Non segnalate “dubbi” o sospetti, ma solo certezze acquisite (per quanto relative, ovviamente). Non scrivete cioè “pare che Marconi fosse marocchino”, ma scrivete “qui risulta che Marconi è nato a Casablanca”, supportando con i dovuti link. Poi verificheremo. (In altre parole, i sospetti “fateveli fuori” da voi. E’ quello il vero lavoro).

Evitate di inondare i thread con “capi d’accusa” troppo labili, contorti o difficilmente dimostrabili. Solo i casi “nero su bianco”, semplici e trasparenti, a loro volta difficili da contestare, verranno utilizzati.

Trascurate gli errori chiaramente involontari, che sono spiegabili con semplice distrazione, e concentratevi su quelli che invece, “guarda caso”, tirano sempre acqua a quel particolare mulino.

Per ogni segnalazione, cercate anche di indicare se si tratta (secondo voi) di una falsità, di una fallacia, di una distorsione, o di una omissione ( o eventualmente di altro).

Una FALSITÀ è una affermazione, dimostrabile come non vera, su un fatto accaduto (o non accaduto).
Una FALLACIA è un ragionamento scorretto, indipendentemente dall’argomento trattato.
Una DISTORSIONE è una interpretazione faziosa di un fatto accaduto, o di un ragionamento altrui.
Una OMISSIONE è un’informazione trattenuta intenzionalmente, con scopi ben precisi. La distingui da una semplice dimenticanza valutandone gli effetti sulla conclusione a cui porta il ragionamento. (Dìmenticarsi che il capo di Grudge si chiamasse Quintanilla non cambia le conclusioni del discorso, dimenticarsi che il Roberston Panel istruisse apertamente a nascondere gli avvistamenti UFO le cambia eccome).

Tenete presente che la falsità e la fallacia sono sempre dimostrabili oggettivamente (per cui “valgono di più”, sul tabellone finale), mentre le distorsioni e le omissioni possono sempre essere opinabili, per cui fanno al massimo da buon supporto alle prime.

In generale, se posso permettermi un consiglio, guardate ogni puntata (o articolo) domandandovi: se io fossi un debunker (*) quali cose direi, come le direi, e soprattutto cosa non direi, per raggiungere il mio vero scopo? (Scoprirete così un universo, per molti sconosciuto, dove sono le idee a cambiare i fatti, e non viceversa).

AVVISO: questi non sono forum di discussione, ma di semplice raccolta dati.

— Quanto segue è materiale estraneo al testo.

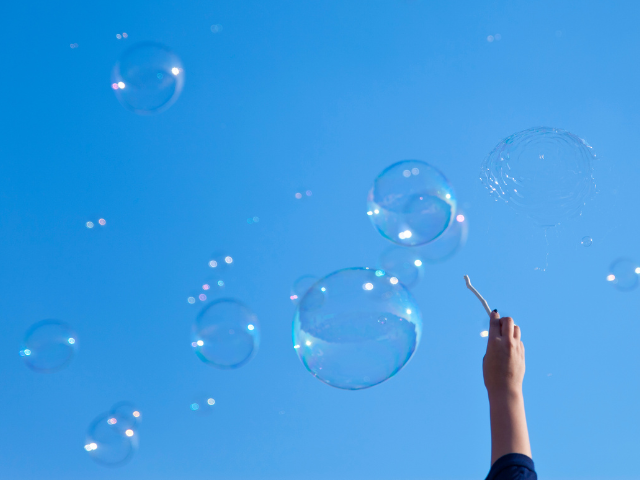 person making lots of bubbles in the sky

Ognuno posta quello che crede utile, indipendentemente da quello che fanno gli altri. (Evitiamo così alla radice operazioni di disturbo di vario tipo).

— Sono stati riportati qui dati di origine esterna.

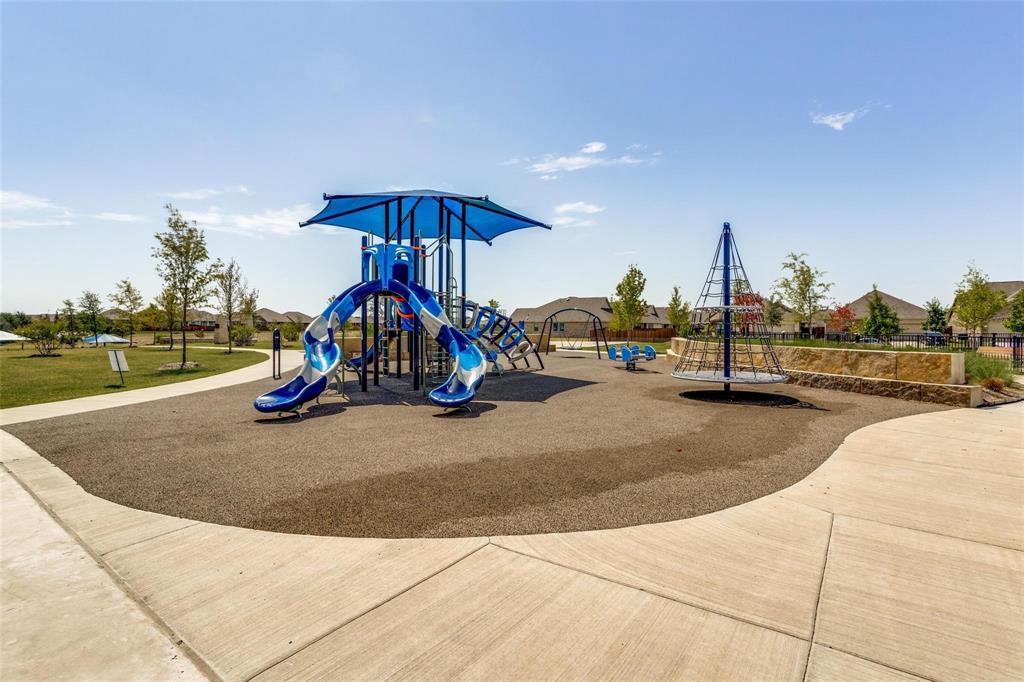 719 Biscay Way Princeton, TX 75407 - Photo 22 of 24 a view of a park with swings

Facciamo l’esperimento con il primo filmato, poi eventualmente correggeremo il tiro.

Grazie a tutti quelli che parteciperanno.

Massimo Mazzucco


* Per debunker si intende una persona che faccia PALESEMENTE, SISTEMATICAMENTE e INTENZIONALMENTE un lavoro di smontaggio di qualunque teoria o pensiero che ritiene di potenziale disturbo allo status quo, al potere acquisito e alle varie forme di autorità (medica, scientifica, politica, accademica) che sotto di esso prosperano rigogliose.

Costui non ha nulla a che vedere con la persona che dubita, in perfetta buona fede e nel suo pieno diritto, di una qualunque teoria o pensiero altrui. Nel caso di dubbio si sconsiglia di attribuire a chiunque l’etichetta di debunker, che andrebbe riservata ai personaggi di provata malafede.